I know only “yes” means “yes,” but it was a robot hand in my apartment and it’s not like I had invited it over.
I reached out to it, to feel it, and it let me. I touched it. It felt different now. Not like touching Carl, that weird way it left all the heat in my hand. It just felt hard and very, very slightly warm. Carl also had always been completely immobile, but the hand was so clearly alive. Even when it wasn’t moving, it had movement in it. It had life to it. Compared to the immobile statue that was Carl, it felt so much more complex and carefully crafted. Every joint as supple and nimble as my own hands.
We don’t generally look down at a human hand sliding over a keyboard or stroking a pet or punching buttons on a remote control and think, What a marvel! but it truly is.
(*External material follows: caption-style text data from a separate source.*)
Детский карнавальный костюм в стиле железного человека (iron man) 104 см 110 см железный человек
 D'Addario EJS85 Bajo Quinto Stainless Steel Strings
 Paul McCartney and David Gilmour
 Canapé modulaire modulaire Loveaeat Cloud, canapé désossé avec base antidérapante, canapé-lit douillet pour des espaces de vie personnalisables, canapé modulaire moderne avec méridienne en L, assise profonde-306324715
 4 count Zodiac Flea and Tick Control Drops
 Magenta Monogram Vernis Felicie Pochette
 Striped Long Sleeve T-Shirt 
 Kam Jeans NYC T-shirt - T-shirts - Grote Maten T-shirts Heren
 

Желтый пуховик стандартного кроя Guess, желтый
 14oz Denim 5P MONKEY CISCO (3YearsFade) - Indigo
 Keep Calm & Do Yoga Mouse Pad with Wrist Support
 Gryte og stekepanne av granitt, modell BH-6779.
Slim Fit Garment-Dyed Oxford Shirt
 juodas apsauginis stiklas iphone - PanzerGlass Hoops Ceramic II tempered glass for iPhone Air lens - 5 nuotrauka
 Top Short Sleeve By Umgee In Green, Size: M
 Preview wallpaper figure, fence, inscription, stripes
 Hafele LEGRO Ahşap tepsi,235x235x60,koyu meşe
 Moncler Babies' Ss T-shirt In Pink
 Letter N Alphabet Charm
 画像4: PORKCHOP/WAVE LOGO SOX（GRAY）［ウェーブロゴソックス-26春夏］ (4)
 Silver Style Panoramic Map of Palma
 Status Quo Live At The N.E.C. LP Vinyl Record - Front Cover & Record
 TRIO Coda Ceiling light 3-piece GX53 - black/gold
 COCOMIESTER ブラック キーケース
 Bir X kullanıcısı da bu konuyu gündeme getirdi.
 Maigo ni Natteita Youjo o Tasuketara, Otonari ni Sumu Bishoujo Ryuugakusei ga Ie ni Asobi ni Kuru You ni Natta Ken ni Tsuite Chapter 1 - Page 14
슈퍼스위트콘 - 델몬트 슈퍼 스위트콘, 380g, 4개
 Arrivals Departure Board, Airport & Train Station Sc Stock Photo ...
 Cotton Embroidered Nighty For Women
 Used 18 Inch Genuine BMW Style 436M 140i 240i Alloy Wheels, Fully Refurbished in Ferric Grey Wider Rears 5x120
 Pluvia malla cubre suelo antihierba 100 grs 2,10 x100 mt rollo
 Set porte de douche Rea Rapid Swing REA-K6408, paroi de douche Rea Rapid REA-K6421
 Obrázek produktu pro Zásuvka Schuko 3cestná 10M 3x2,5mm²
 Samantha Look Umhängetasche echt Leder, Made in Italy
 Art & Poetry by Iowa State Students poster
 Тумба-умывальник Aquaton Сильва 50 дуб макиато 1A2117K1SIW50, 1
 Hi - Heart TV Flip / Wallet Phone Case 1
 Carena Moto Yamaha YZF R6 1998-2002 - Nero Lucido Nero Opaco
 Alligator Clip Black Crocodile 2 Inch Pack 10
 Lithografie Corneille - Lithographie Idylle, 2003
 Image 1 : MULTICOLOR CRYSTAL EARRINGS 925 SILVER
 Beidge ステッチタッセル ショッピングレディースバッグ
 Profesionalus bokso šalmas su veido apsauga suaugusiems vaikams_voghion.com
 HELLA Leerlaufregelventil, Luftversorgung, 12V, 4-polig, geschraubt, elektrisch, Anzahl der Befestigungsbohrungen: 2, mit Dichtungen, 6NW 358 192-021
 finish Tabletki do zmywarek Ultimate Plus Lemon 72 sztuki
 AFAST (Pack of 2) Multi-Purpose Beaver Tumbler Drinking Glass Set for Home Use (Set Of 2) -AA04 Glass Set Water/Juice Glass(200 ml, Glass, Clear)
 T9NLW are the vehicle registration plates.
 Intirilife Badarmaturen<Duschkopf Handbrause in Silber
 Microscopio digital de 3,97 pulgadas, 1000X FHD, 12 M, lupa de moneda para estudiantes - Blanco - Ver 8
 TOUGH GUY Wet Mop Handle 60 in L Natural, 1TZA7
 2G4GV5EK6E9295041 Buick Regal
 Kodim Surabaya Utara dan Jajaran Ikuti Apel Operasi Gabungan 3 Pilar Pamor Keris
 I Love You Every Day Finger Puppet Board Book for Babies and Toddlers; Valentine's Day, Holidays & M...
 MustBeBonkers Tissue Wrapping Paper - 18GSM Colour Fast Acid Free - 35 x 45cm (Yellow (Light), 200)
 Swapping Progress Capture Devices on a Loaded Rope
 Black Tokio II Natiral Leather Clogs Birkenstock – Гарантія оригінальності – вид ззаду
Humans have yet to create something so delicate and intricate as our own hands. But Carl’s hand was every bit as careful and nimble as my own, and a great deal stronger, it would seem.
I pulled my phone from my pocket and Carl skittered away again.
“I’m just calling Andy,” I said. “You know Andy, right?”
So I punched him, number two on my speed dial after Robin these days. The phone rang once before noise exploded in my ears. I threw my phone across the room, screaming. Once it wasn’t right up against my ear, I could hear it clearly.